A central figure in Danish design, Kaare Klint (1888-1954) made a name for himself as a furniture designer in the early 1900s. He was responsible for design icons like the 1914 Faaborg Chair, the overall design of the Danish Pavilion at the 1929 Barcelona International Exposition, and the worldrenowned Safari Chair, designed in 1933.
The Safari Chair (1933) was possibly one of the first self-assembled furniture items: it features glueless joints and can be put together and taken apart without the use of tools.
The son of architect Peder Vilhelm Jensen-Klint, Kaare Klint was immersed in architecture from an early age, but it was primarily as a furniture designer that he made his mark on Danish architecture. In 1924, Kaare Klint helped establish the Department of Furniture Design at The Royal Danish Academy of Fine Arts, and the following year was made associate professor and later professor.

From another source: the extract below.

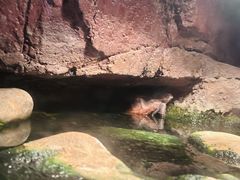 -济南野生动物世界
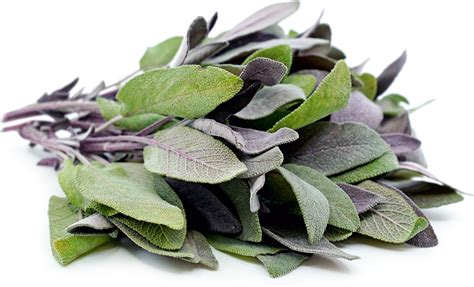 Purple Sage Information and Facts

As a teacher, he inspired a number of prominent Danish furniture designers who would shape the golden age of Danish design from 1945 to 1975. Through his teaching and his own work, he influenced a generation of the greatest Danish furniture designers and architects - from Hans J. Wegner and Mogens Koch to Arne Jacobsen, Børge Mogensen and Poul Kjærholm.
Today, Kaare Klint appears in many ways to have been a reformer whose approach to architecture and design broke radically with the period - and style-focused academic teaching of the day, emphasizing instead the practical study of architecture and furniture design principles. In Klint's process, in-depth analysis of an object's function and uses preceded work on its form. He renewed Danish furniture design by refining tradition and developing objects to perfection in relation to their primary purpose.
The Red Chair Series: Kaare Klint designed the Red Chair for the lecture hall of the Danish Museum of Decorative Art (now Designmuseum Danmark) in 1927. The chair design was successively expanded into a series, completed with smaller variants designed to fit the dining table and a larger variant with armrests, designed especially for the Danish Prime Minister, Thorvals Stauning's, office.
From the outset, Klint focused on furniture's purpose and function, as well as on ensuring that his pieces never dominated a given space. Characteristic of his approach is the harmonious balance between form and materials, often combined with reminiscences of earlier styles or foreign cultures. His were objects of timeless utility whose form and function united to create a greater whole.
Klint possessed an outstanding sense of proportion and space. His furniture is often referred to as human furniture, as he believed that it should conform to the user and based his classic designs on careful study of the human body. By virtue of their simple, functional qualities, timeless design, and uncompromising craftsmanship, many of his furniture designs have become more sought-after today than ever before.
Kaare Klint's sectional sofa, The Addition Sofa (1933), is a flexible, modular concept combining a simple construction with perhaps the most advanced form for upholstery technique.